# About this task
Word for word, reproduce each line of the data below, omitting every image.

===== Dataset section

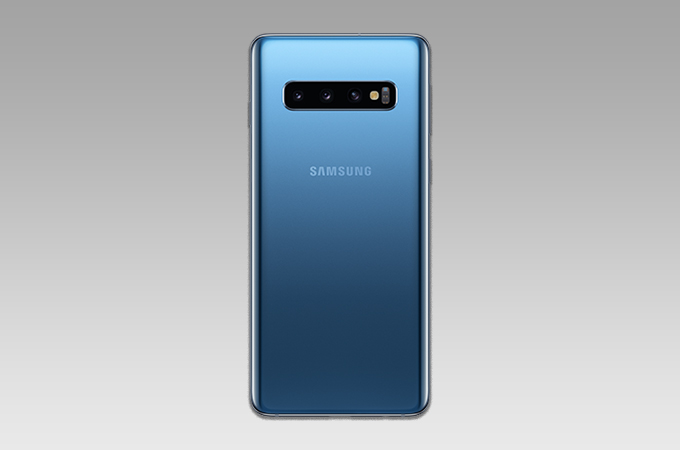 Samsung Galaxy S10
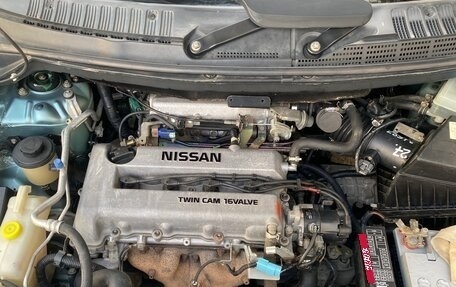 Nissan Tino, 2001 год, 230 000 рублей, 3 фотография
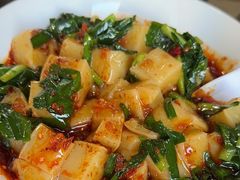 -李记搅团•非遗陕菜(三桥店)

==========

# Exercise response
 Samsung Galaxy S10
 Nissan Tino, 2001 год, 230 000 рублей, 3 фотография
 -李记搅团•非遗陕菜(三桥店)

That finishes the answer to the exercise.